File metadata and controls

84 lines (58 loc) · 3.39 KB

SantanderMetGroup/datatools

smgdatatools stands for data tools from SantanderMetGroup.

etl.py

Generate virtual datasets for climate data. Supports Kerchunk, HDF5 VDS and NcML.

Kerchunk

ERA5 from Amazon S3

See a description of the dataset here.

echo 'https://s3.amazonaws.com/era5-pds/2020/01/data/air_pressure_at_mean_sea_level.nc
https://s3.amazonaws.com/era5-pds/2020/02/data/air_pressure_at_mean_sea_level.nc
https://s3.amazonaws.com/era5-pds/2020/01/data/sea_surface_temperature.nc
https://s3.amazonaws.com/era5-pds/2020/02/data/sea_surface_temperature.nc' | \
etl.py --db test.sqlite --collector hdf5chunk --hdf5-driver ros3 --aggregations air_pressure_at_mean_sea_level sea_surface_temperature --etl jinja -t era5-s3.json.j2 --dest test.json

You need to remove the last comma from the test.json file!

import xarray

ds = xarray.open_dataset("reference://", engine="zarr", backend_kwargs={
                    "consolidated": False,
                    "storage_options": {"fo": 'test.json', "remote_protocol": "s3","remote_options": {"anon": True}}
                    })
print(ds)

CMIP6 from Pangeo and Google Cloud

See a description of the dataset here.

echo 'gs://cmip6/CMIP6/CMIP/NCAR/CESM2-FV2/historical/r2i1p1f1/Amon/tas/gn/v20200226
gs://cmip6/CMIP6/CMIP/NCAR/CESM2-FV2/historical/r1i1p1f1/Amon/tas/gn/v20191120
gs://cmip6/CMIP6/CMIP/NCAR/CESM2-FV2/historical/r2i1p1f1/Amon/pr/gn/v20200226
gs://cmip6/CMIP6/CMIP/NCAR/CESM2-FV2/historical/r1i1p1f1/Amon/pr/gn/v20191120' | \
etl.py --db test.sqlite --collector zarr --aggregations tas pr --etl jinja -t gcs-cmip6.json.j2 --dest test.json

You need to remove the last comma from the test.json file!

import xarray

ds = xarray.open_dataset("reference://", engine="zarr", backend_kwargs={
                    "consolidated": False,
                    "storage_options": {"fo": 'test.json', "remote_protocol": "gs","remote_options": {"anon": True}}
                    })
print(ds)

Be careful with the following:

  • Number of chunks does not match between ensemble members for the same variable.
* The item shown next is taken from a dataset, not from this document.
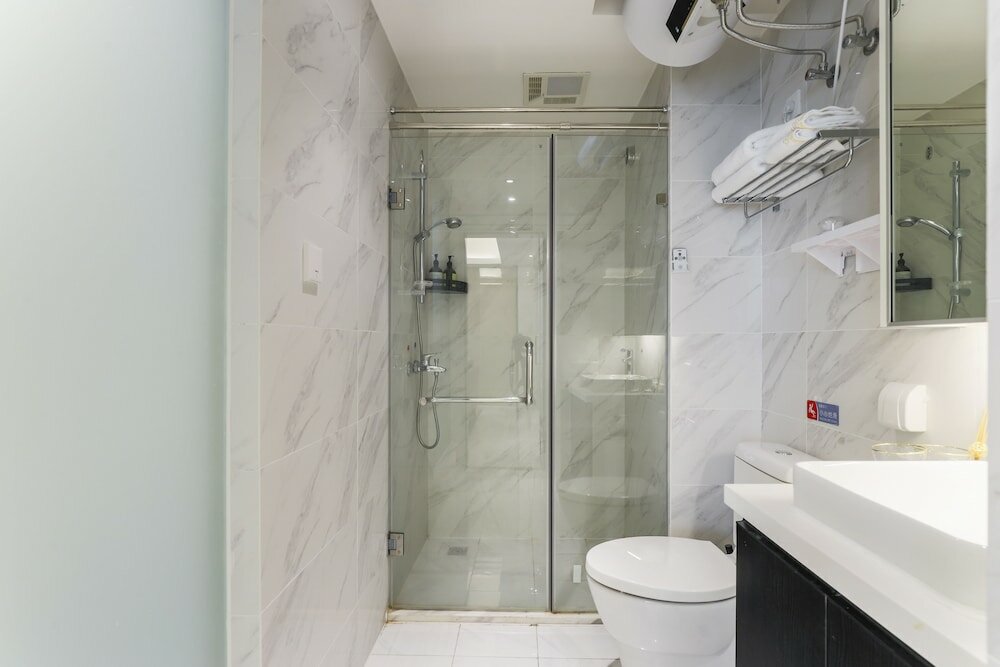 Фото Yue Qi Hotel Apartment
Check this against the SQL database (eg. select count(*) from variable inner join chunk on variable.id = chunk.variable_id where variable.name = VARIABLE_NAME group by variable.id).

HDF5 Virtual Dataset

find test/data -maxdepth 1 -type f -name '*.nc' | grep -v 'fx' | etl.py --db test.sqlite --collector nc --aggregations tas pr --etl new-common --dest test.h5 --coord-name variant_label --coord-values-attr variant_label

Open the virtual dataset with xarray:

import xarray

ds = xarray.open_dataset("test.h5")
ds[["tas", "pr"]].mean()

NcML

find test/data -maxdepth 1 -type f -name '*.nc' | grep -v 'fx' | etl.py --db test.sqlite --collector nc --aggregations tas pr --etl jinja -t time-ensemble.ncml.j2 --dest test.ncml

Open the generated XML file with your favourite editor. You may also use ToolsUI or climate4R.